>>>>
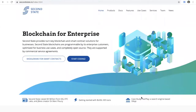Hi there, this is Tim from Second State. Today we're going to have a demonstration of the smart contract search engine, and we're going to show you the response time and also show you a few tricks on how to optimize how the smart contract data is indexed and retrieved.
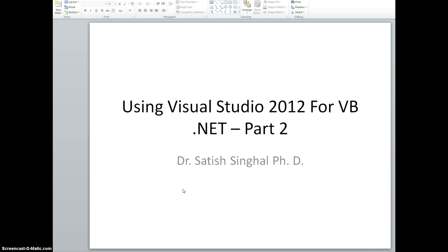Hello students, I'm back to show you how to use Visual Studio for Windows applications in part two.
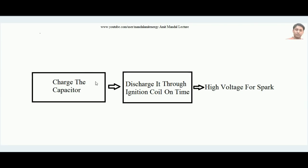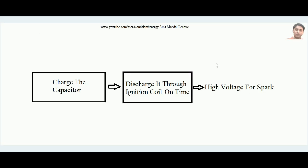The principle of the CDI system is that we charge a capacitor, and exactly on time that charged capacitor is discharged through an ignition coil. The ignition coil converts low voltage into a very high voltage pulse. This discharging capacitor produces a low voltage discharge, but over the exit terminals of the ignition coil, very high voltage is developed — sufficient to produce the spark. Exactly on time means at the end of the compression stroke, the capacitor is discharged through the ignition coil so that high voltage is created at the spark plug electrodes.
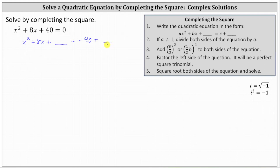Looking at our notes, we need to add the square of b divided by two — or the square of half of b — to both sides of the equation, where b is the coefficient of x. In this case, b is equal to eight, and the square of eight divided by two is equal to the square of four, which is equal to 16. We add 16 to both sides of the equation.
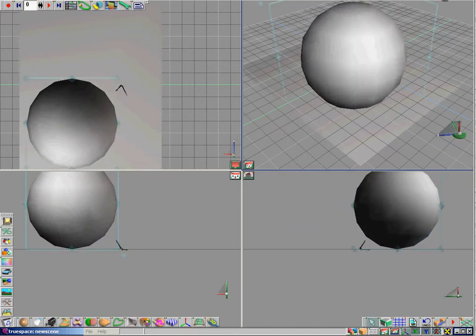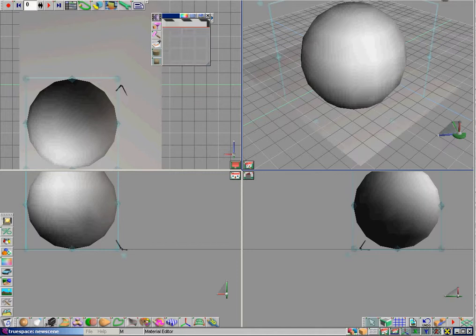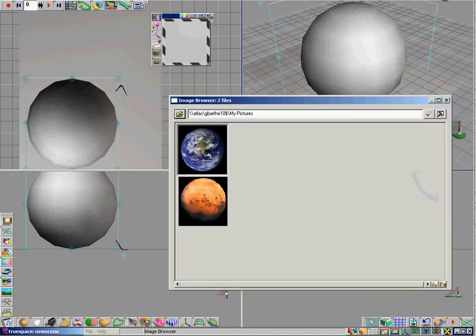Once we've done this, we're going to click on the material editor. And then we're going to look for our image that we got off the web by clicking on the image browser. And then the screen will come up where you find the document that it's located in.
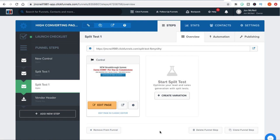We're at the point where we're going to actually start building out our funnel, and the most important thing we want to do is ensure that on the front end — that first squeeze page where visitors are going to be first exposed to your business — you want to make sure that you're getting a 50% or more opt-in rate on the traffic that you send.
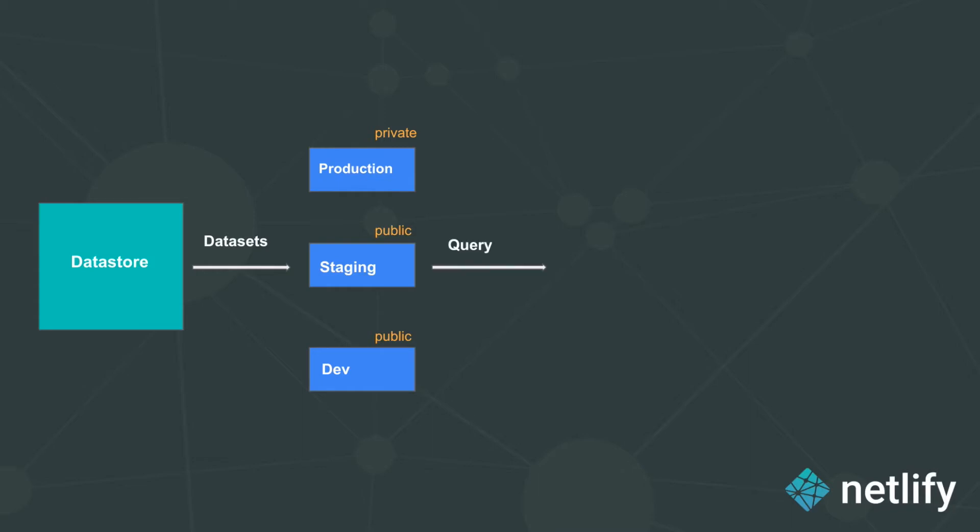So how do you request for this data you might ask? Well, in order to access the data in your Datasets, Sanity provides an open source tool called Grok. It is a query language built by Sanity that you can use in Sanity Studio or even within your own applications to access the data from Sanity Datasets.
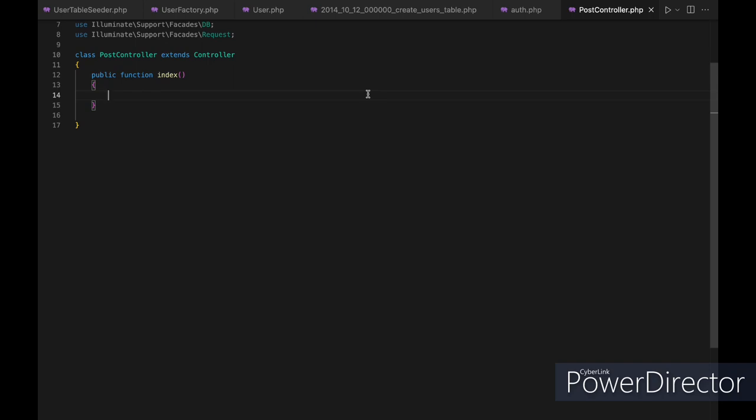In this video, we'll show you how to take your Laravel development skills to the next level by mastering Eloquent, Laravel's powerful ORM.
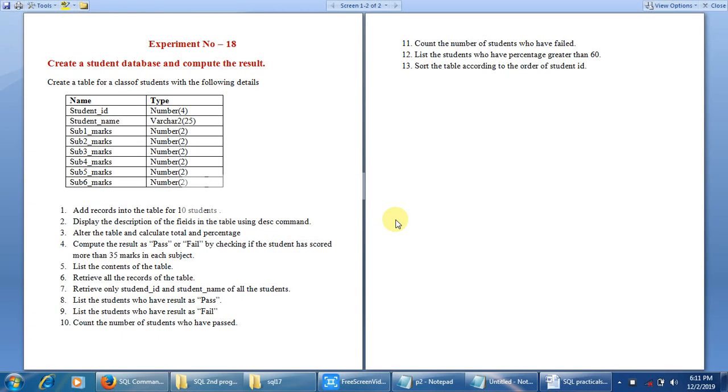Hello, welcome to Rishad is Real. I am Rishad. This is part 2 of computer science practicals for second PUC. In this session, we will understand the SQL assignment experiment number 18.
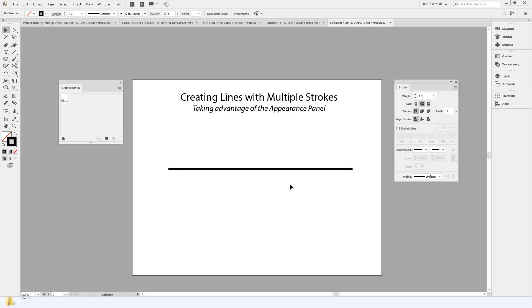Hello, in this tutorial I'm going to show you how to create lines with multiple strokes in Illustrator by taking advantage of the appearance panel.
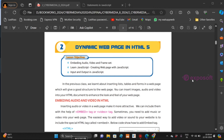Today we are going to discuss our second chapter, Dynamic Web Page in HTML. In this chapter, we will learn EMBED audio, video and frameset, learn JavaScript, creating web pages with JavaScript, and input and output in JavaScript.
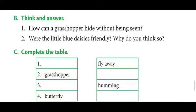Next is 'Think and Answer.' First: how can a grasshopper hide without being seen? The grasshopper can hide without being seen because it is the same green color as the leaves. The color of the grasshopper and the color of leaves are both green, so the grasshopper can hide in the leaves without being seen.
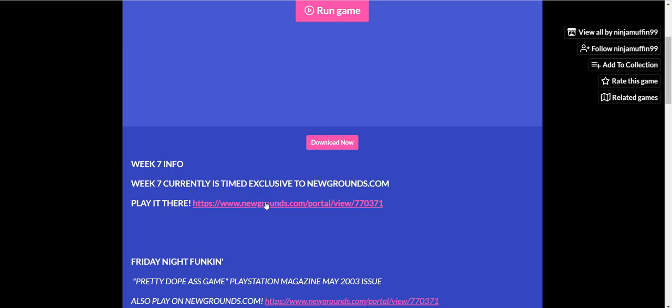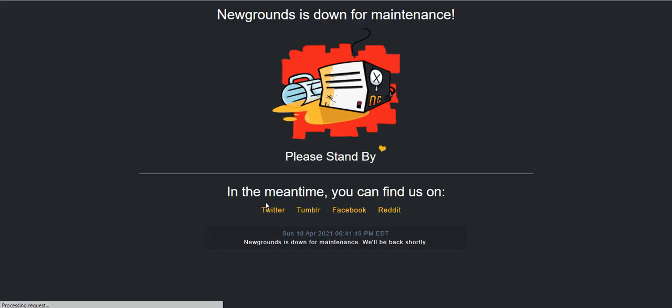At least we can play it on. Oh, come on! They crashed the site! They crashed Newgrounds! Really? Come on!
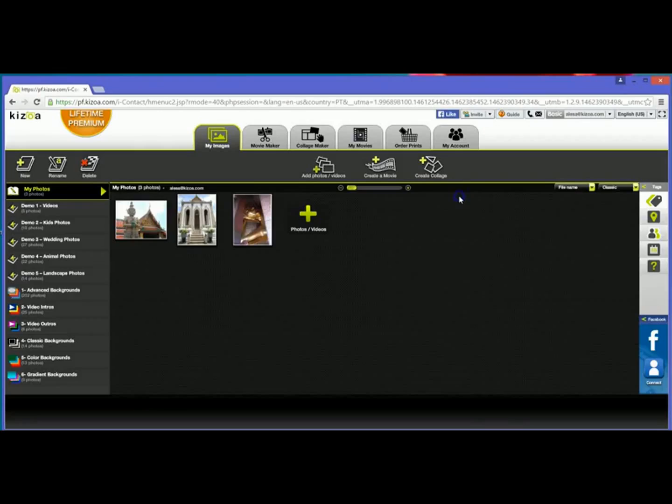I'm just going to close that and you'll see there's my photos under the My Images tab. Alright, until next time!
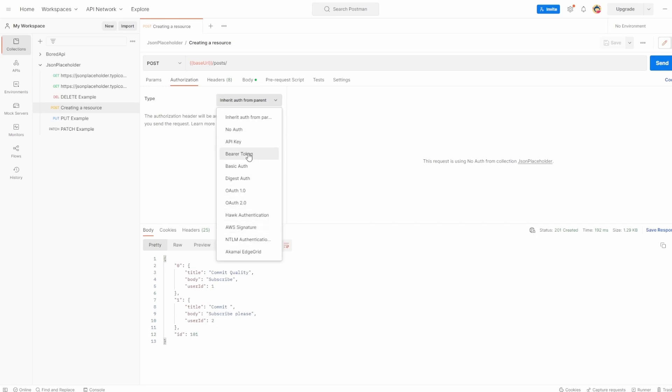There are so many different auth types. You can have none, which is what we've been doing so far on all of the requests where no authorization was needed.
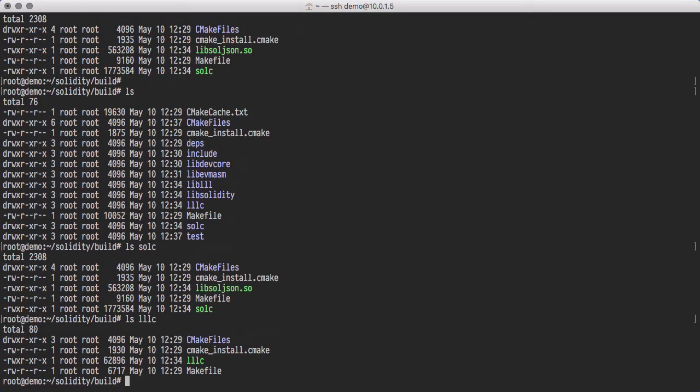Now that we have the compiler binaries, we need to install them. This is done by typing make install.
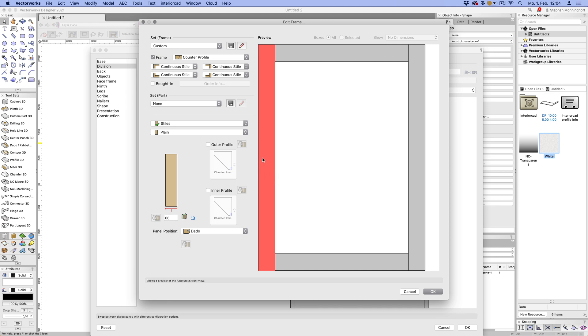So the profiles work for standalone custom parts, as well as cabinet custom parts. Custom parts are nested within the cabinet. And also for the frame, you can set profiles and they're applied automatically for the inside or the outside of the frame. Now let's see how that works.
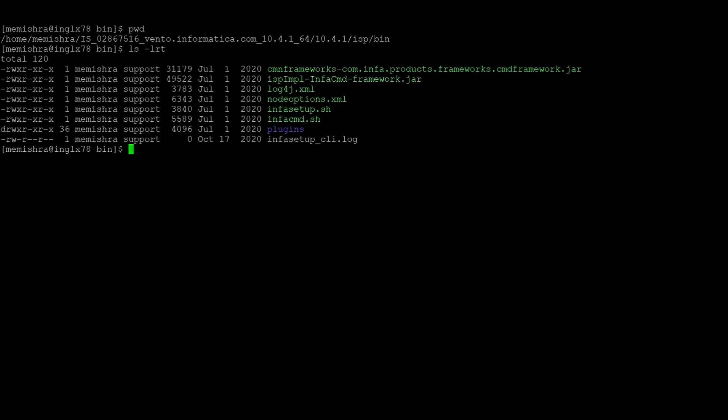Let us check that. So now we will run the command to remove the td underscore odbc connection from the domain.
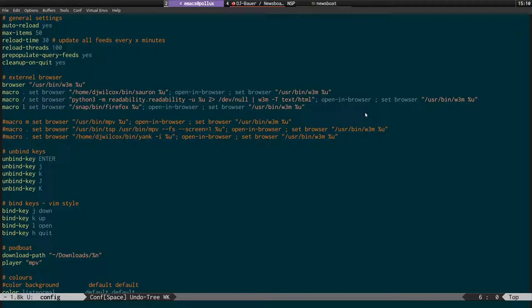This is my config file. We've got auto-reload - every time you open Newsboat it's going to reload the feeds. Then we have max items, which is the maximum amount of items it will pull down at one time from a feed. We've got a reload time so it reloads every 30 minutes. You can do reload threads which reloads multiple things at once.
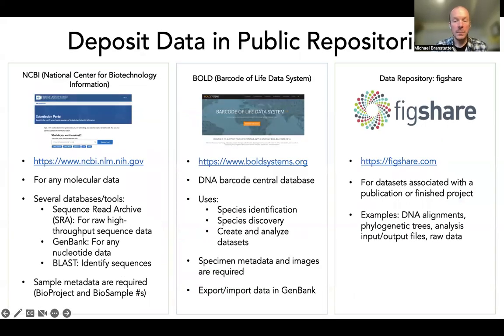Once a molecular study has been completed, or even while the study is ongoing, data should be uploaded to public repositories. Three of the most common public repositories for molecular data are NCBI, BOLD, and Figshare. The first two are molecular data repositories specifically.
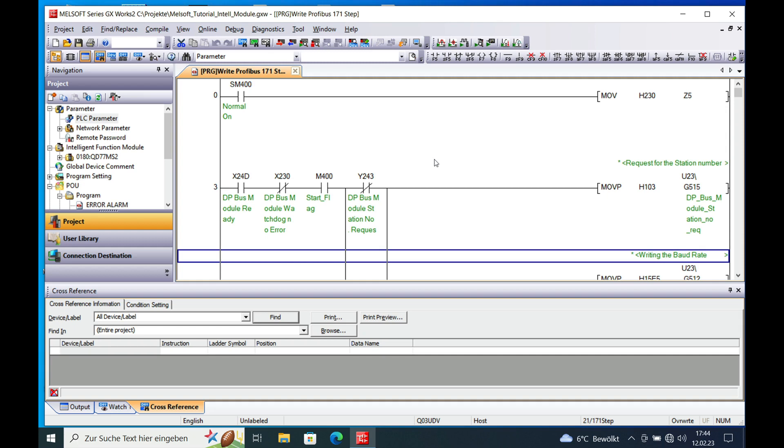In this video I explain to you how to implement the Profibus board QJ71PB93 from Mitsubishi in a System Q PLC.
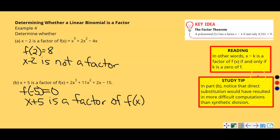In other words, (x − k) is a factor of f(x) if and only if k is a zero of the function — remember, a zero is where the graph crosses the x-axis; it's a solution of the polynomial. The study tip notes that in part b, direct substitution would have resulted in more difficult computations than synthetic division, which we learned in the last section.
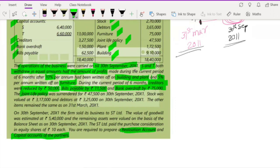The joint life policy was surrendered for 47,500. As a quick recap: joint life policy is like a life insurance taken for all the partners. It matures either when a partner dies, or when the policy period ends (e.g., 10 or 15 years). In those two cases, the amount received is called the maturity value. If the partners voluntarily close the policy before maturity, the amount received is called the surrender value.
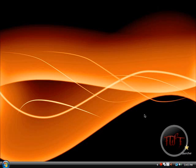Hey everyone, this is Fireworks Tutorial. Thanks for checking out this video. In this video, I'm going to show you how to get your theme for Windows Vista.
<<<<
What to produce:
Although the records above contain pictures, only their text is to be repeated, exactly as given.

Your response:
Hi there, this is Tim from Second State. Today we're going to have a demonstration of the smart contract search engine, and we're going to show you the response time and also show you a few tricks on how to optimize how the smart contract data is indexed and retrieved.
Hello students, I'm back to show you how to use Visual Studio for Windows applications in part two.
The principle of the CDI system is that we charge a capacitor, and exactly on time that charged capacitor is discharged through an ignition coil. The ignition coil converts low voltage into a very high voltage pulse. This discharging capacitor produces a low voltage discharge, but over the exit terminals of the ignition coil, very high voltage is developed — sufficient to produce the spark. Exactly on time means at the end of the compression stroke, the capacitor is discharged through the ignition coil so that high voltage is created at the spark plug electrodes.
Looking at our notes, we need to add the square of b divided by two — or the square of half of b — to both sides of the equation, where b is the coefficient of x. In this case, b is equal to eight, and the square of eight divided by two is equal to the square of four, which is equal to 16. We add 16 to both sides of the equation.
Once we've done this, we're going to click on the material editor. And then we're going to look for our image that we got off the web by clicking on the image browser. And then the screen will come up where you find the document that it's located in.
We're at the point where we're going to actually start building out our funnel, and the most important thing we want to do is ensure that on the front end — that first squeeze page where visitors are going to be first exposed to your business — you want to make sure that you're getting a 50% or more opt-in rate on the traffic that you send.
So how do you request for this data you might ask? Well, in order to access the data in your Datasets, Sanity provides an open source tool called Grok. It is a query language built by Sanity that you can use in Sanity Studio or even within your own applications to access the data from Sanity Datasets.
In this video, we'll show you how to take your Laravel development skills to the next level by mastering Eloquent, Laravel's powerful ORM.
Hello, welcome to Rishad is Real. I am Rishad. This is part 2 of computer science practicals for second PUC. In this session, we will understand the SQL assignment experiment number 18.
Hello, in this tutorial I'm going to show you how to create lines with multiple strokes in Illustrator by taking advantage of the appearance panel.
Today we are going to discuss our second chapter, Dynamic Web Page in HTML. In this chapter, we will learn EMBED audio, video and frameset, learn JavaScript, creating web pages with JavaScript, and input and output in JavaScript.
Next is 'Think and Answer.' First: how can a grasshopper hide without being seen? The grasshopper can hide without being seen because it is the same green color as the leaves. The color of the grasshopper and the color of leaves are both green, so the grasshopper can hide in the leaves without being seen.
At least we can play it on. Oh, come on! They crashed the site! They crashed Newgrounds! Really? Come on!
I'm just going to close that and you'll see there's my photos under the My Images tab. Alright, until next time!
There are so many different auth types. You can have none, which is what we've been doing so far on all of the requests where no authorization was needed.
Now that we have the compiler binaries, we need to install them. This is done by typing make install.
So the profiles work for standalone custom parts, as well as cabinet custom parts. Custom parts are nested within the cabinet. And also for the frame, you can set profiles and they're applied automatically for the inside or the outside of the frame. Now let's see how that works.
Let us check that. So now we will run the command to remove the td underscore odbc connection from the domain.
This is my config file. We've got auto-reload - every time you open Newsboat it's going to reload the feeds. Then we have max items, which is the maximum amount of items it will pull down at one time from a feed. We've got a reload time so it reloads every 30 minutes. You can do reload threads which reloads multiple things at once.
Once a molecular study has been completed, or even while the study is ongoing, data should be uploaded to public repositories. Three of the most common public repositories for molecular data are NCBI, BOLD, and Figshare. The first two are molecular data repositories specifically.
In this video I explain to you how to implement the Profibus board QJ71PB93 from Mitsubishi in a System Q PLC.
In other words, (x − k) is a factor of f(x) if and only if k is a zero of the function — remember, a zero is where the graph crosses the x-axis; it's a solution of the polynomial. The study tip notes that in part b, direct substitution would have resulted in more difficult computations than synthetic division, which we learned in the last section.
The joint life policy was surrendered for 47,500. As a quick recap: joint life policy is like a life insurance taken for all the partners. It matures either when a partner dies, or when the policy period ends (e.g., 10 or 15 years). In those two cases, the amount received is called the maturity value. If the partners voluntarily close the policy before maturity, the amount received is called the surrender value.
Hey everyone, this is Fireworks Tutorial. Thanks for checking out this video. In this video, I'm going to show you how to get your theme for Windows Vista.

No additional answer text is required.